神保町系オタオタ日記

自称「人間グーグル」

台北帝国大学附属図書館司書達の戦後


昭和20年8月、大日本帝国敗戦。すぐにでも内地へ引き揚げたい者が多かったであろうが、金関丈夫を始めとして、台北帝国大学の教官達の多くが留用されることとなる。同大学附属図書館の司書もまた、その仲間となった。

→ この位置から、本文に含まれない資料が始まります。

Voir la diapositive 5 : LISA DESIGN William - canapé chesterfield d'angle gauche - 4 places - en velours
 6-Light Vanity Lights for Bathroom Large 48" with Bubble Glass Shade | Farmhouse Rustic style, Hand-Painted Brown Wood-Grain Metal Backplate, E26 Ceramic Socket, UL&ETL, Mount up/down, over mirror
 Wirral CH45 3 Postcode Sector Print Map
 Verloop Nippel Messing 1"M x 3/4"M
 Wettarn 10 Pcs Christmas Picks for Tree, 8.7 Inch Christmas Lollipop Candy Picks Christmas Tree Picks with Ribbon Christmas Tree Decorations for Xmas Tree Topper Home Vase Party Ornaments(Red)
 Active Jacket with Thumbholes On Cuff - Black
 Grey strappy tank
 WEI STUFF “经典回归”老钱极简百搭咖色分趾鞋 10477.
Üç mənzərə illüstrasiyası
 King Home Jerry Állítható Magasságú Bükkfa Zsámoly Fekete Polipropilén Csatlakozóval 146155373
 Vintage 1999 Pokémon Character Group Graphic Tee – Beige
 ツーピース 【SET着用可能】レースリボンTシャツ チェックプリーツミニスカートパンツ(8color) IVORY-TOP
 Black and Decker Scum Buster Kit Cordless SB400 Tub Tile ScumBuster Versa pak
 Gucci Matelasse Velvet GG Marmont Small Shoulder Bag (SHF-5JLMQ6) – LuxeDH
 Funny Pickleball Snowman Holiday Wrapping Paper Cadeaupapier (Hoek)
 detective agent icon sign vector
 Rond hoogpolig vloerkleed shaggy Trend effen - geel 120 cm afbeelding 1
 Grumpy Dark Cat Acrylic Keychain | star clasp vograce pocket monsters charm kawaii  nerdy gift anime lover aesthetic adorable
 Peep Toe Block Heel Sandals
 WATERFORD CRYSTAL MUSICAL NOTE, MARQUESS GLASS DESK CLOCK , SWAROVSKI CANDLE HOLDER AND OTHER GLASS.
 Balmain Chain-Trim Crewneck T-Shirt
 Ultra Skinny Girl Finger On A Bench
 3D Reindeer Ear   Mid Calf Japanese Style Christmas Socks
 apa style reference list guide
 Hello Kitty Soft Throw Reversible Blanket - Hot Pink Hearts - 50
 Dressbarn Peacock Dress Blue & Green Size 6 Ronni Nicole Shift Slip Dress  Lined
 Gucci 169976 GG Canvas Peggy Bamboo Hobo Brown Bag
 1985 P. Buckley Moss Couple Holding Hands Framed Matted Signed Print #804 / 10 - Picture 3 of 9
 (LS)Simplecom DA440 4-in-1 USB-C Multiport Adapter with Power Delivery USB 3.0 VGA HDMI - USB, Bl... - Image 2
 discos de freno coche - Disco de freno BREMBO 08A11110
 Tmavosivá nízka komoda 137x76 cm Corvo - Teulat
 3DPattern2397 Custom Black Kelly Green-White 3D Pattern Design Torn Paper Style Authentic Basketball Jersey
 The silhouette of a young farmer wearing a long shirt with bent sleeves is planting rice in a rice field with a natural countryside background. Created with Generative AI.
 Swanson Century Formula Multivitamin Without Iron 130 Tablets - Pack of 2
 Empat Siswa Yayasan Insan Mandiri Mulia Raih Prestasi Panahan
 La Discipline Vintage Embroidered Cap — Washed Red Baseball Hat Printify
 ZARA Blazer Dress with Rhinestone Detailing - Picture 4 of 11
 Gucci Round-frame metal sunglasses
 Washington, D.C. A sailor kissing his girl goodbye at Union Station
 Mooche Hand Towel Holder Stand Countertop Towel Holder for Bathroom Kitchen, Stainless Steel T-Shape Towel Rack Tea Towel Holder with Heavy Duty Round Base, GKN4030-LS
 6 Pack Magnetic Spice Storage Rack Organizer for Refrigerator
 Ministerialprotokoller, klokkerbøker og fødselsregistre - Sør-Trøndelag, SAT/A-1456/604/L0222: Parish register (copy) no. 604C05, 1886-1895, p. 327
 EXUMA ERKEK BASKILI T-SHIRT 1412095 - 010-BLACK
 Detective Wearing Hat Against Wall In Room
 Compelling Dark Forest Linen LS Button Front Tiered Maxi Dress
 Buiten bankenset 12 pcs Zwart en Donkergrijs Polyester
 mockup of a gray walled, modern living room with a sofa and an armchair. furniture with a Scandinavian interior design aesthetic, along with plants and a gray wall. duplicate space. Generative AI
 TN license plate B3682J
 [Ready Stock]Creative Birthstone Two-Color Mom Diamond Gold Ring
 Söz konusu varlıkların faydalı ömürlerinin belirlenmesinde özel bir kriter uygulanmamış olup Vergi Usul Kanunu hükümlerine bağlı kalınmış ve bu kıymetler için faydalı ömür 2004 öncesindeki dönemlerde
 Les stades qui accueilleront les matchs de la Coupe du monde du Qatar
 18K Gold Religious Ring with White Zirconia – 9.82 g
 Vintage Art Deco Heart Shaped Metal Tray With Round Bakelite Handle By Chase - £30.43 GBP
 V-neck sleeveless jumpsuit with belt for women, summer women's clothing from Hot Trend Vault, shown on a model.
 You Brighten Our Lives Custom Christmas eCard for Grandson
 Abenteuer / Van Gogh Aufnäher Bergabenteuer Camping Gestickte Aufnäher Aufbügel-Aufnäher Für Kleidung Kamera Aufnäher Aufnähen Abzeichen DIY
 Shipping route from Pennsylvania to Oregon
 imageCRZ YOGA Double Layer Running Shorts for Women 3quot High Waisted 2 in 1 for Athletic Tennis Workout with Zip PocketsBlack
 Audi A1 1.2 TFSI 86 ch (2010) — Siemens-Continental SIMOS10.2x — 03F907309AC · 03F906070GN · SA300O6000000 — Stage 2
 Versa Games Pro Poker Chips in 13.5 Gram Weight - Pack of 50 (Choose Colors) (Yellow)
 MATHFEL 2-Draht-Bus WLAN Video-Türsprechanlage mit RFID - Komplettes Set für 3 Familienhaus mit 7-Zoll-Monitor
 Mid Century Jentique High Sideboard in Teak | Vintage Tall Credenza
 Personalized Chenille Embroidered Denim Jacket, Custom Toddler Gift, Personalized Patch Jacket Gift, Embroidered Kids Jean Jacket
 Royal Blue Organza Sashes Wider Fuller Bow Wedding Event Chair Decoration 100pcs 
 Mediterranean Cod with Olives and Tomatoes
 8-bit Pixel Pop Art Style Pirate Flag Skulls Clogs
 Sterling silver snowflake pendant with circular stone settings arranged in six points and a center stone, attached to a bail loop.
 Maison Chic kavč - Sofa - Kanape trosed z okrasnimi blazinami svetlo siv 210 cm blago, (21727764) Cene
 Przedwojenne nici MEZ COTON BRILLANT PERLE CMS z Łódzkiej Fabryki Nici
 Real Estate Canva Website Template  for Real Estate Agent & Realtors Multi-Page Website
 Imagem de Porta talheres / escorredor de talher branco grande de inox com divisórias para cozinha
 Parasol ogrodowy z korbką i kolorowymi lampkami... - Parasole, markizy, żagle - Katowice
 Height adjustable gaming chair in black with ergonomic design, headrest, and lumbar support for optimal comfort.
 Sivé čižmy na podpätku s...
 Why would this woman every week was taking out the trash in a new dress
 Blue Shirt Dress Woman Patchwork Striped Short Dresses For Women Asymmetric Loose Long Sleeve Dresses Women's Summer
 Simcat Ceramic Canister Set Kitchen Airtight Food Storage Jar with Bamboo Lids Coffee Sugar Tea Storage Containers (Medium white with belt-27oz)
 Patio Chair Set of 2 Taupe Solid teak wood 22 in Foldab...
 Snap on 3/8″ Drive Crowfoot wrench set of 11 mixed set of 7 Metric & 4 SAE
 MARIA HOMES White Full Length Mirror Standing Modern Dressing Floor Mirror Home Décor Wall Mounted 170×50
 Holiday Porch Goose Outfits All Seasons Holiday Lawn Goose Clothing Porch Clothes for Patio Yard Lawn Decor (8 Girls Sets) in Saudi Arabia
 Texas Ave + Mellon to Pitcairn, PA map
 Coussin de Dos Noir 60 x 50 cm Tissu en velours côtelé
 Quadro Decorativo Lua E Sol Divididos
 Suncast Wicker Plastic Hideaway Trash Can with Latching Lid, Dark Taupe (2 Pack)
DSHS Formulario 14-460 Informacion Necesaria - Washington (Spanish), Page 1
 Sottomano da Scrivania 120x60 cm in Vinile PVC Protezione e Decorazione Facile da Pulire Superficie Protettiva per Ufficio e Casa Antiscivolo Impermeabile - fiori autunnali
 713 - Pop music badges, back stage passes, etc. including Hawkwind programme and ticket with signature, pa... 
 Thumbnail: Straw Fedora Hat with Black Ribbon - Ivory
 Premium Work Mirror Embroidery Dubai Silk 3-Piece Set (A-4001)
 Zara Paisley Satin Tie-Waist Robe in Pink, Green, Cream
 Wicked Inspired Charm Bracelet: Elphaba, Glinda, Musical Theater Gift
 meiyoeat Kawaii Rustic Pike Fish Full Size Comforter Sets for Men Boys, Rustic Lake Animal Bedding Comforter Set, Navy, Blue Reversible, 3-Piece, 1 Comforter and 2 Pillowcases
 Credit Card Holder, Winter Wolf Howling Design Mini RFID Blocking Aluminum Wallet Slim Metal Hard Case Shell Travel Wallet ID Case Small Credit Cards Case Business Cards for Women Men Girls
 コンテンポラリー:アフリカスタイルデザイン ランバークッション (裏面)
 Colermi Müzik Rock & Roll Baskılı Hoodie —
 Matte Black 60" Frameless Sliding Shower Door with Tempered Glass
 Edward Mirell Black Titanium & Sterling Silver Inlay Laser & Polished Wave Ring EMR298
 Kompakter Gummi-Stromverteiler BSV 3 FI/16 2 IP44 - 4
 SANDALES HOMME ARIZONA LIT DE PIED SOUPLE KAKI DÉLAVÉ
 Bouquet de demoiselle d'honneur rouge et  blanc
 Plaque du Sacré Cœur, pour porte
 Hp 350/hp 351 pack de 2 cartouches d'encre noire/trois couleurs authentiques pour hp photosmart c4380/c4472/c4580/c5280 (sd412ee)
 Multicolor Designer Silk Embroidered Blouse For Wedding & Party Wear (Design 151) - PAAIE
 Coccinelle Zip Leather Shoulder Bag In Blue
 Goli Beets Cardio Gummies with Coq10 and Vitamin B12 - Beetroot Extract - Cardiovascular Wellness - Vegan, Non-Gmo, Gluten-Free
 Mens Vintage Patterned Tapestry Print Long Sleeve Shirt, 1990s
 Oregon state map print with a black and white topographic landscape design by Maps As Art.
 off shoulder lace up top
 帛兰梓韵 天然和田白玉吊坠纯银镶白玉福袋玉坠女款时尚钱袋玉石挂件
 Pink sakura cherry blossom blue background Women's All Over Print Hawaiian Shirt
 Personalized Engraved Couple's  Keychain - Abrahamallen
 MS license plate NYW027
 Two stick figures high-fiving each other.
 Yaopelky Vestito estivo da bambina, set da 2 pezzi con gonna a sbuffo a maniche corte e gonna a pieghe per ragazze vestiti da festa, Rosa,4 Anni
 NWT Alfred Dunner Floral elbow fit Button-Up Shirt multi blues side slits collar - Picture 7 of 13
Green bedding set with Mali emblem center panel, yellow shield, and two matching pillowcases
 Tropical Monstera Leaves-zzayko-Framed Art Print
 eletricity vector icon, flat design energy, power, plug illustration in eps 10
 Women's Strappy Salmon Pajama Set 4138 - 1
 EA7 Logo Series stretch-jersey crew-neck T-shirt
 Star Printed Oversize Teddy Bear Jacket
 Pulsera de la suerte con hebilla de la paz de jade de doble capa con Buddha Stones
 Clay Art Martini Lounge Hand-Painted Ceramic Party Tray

京都帝国大学経済学部を出た星野弘四(45歳)は、国立台湾大学と名を改めた大学で引き続き図書館員として勤務。
森澤巖(45歳)は、第一高等学校卒業で、引き揚げ後は、広島大学本部図書館等に勤務することとなるが、彼もまた台湾大学図書館に留用されている。
佐藤経尚(41歳)は、京都中央佛教学院卒という変り種だが、同様に留用されている。


以上3名とは異なり、早稲田大学文学科を出た樋口末廣(45歳)は、台湾省編訳館に留用。樋口は、『読書相談』3巻3号(日本図書館協会、1951年3月)に「新聞切抜資料の作り方」を執筆しているから、彼も引き揚げ後、図書館に関係していたようだ。


台北帝国大学附属図書館で司書を務め、敗戦後も留用された4名の図書館員。この中に裏川大無と名乗った創刊号コレクターは含まれているであろうか。


(注)括弧内の年齢は昭和22年現在。